_What you will do:_ What you give back must match the data exactly, minus the pictures.

_Dataset excerpt:_
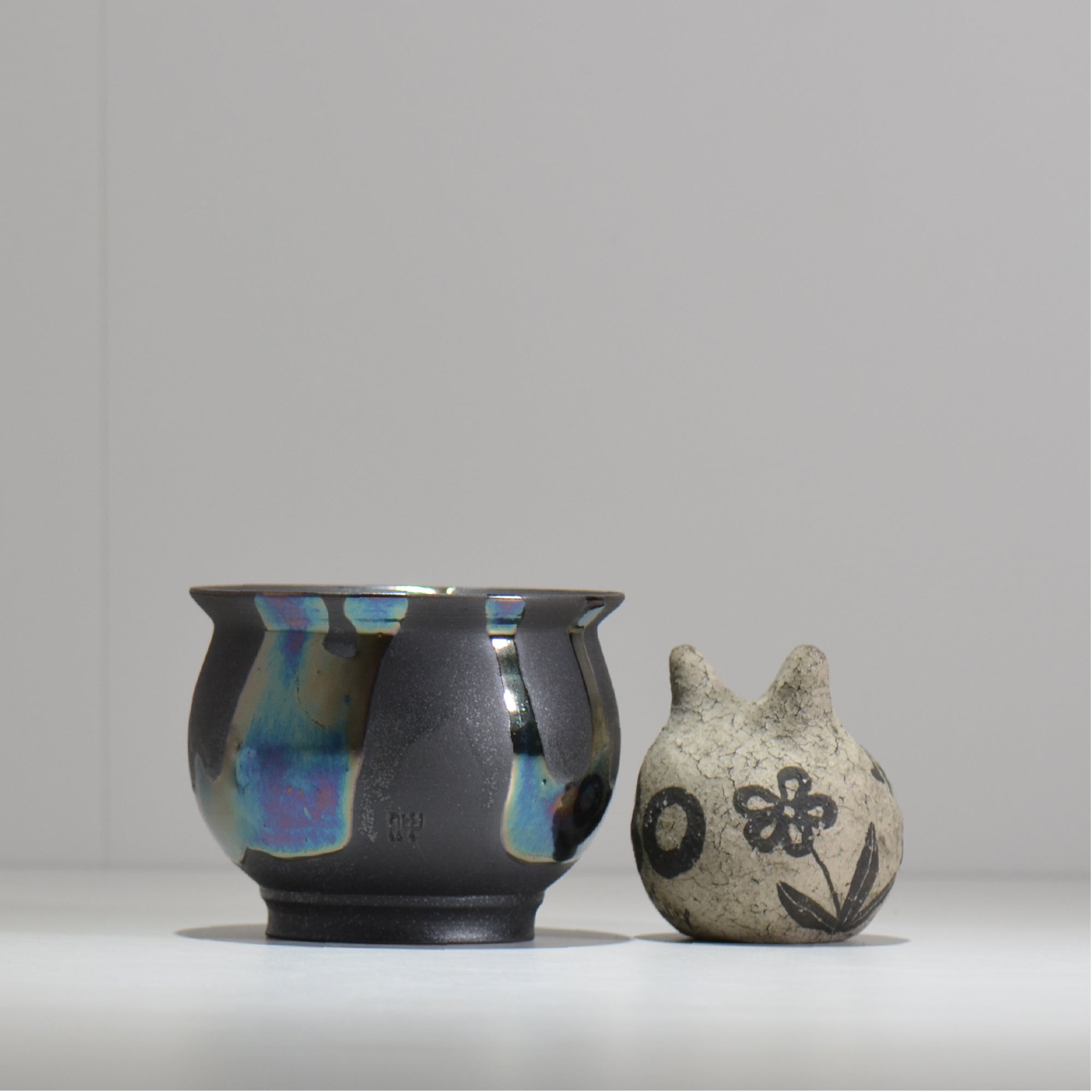 Naka / マダラ黒  / no_mb10_s / 約 φ12cm / 植木鉢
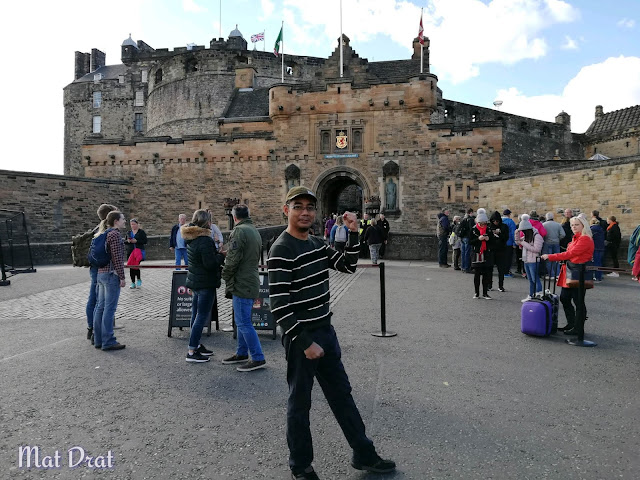 Edinburgh Castle dan Edinburgh Old Town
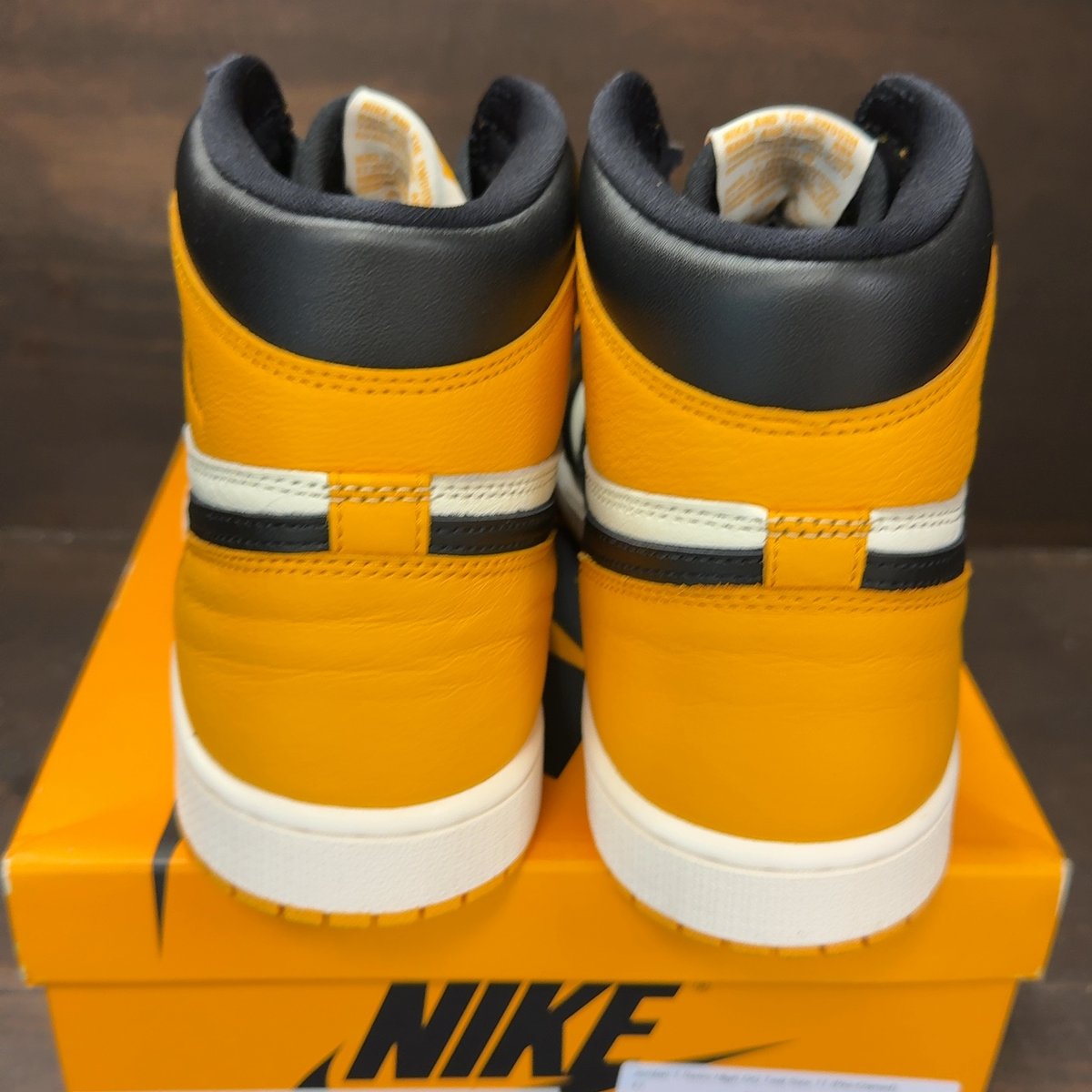 Jordan 1 Retro High OG Taxi Size 11 (Pre-Owned) - aux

_Output of the task:_
 Naka / マダラ黒  / no_mb10_s / 約 φ12cm / 植木鉢
 Edinburgh Castle dan Edinburgh Old Town
 Jordan 1 Retro High OG Taxi Size 11 (Pre-Owned) - aux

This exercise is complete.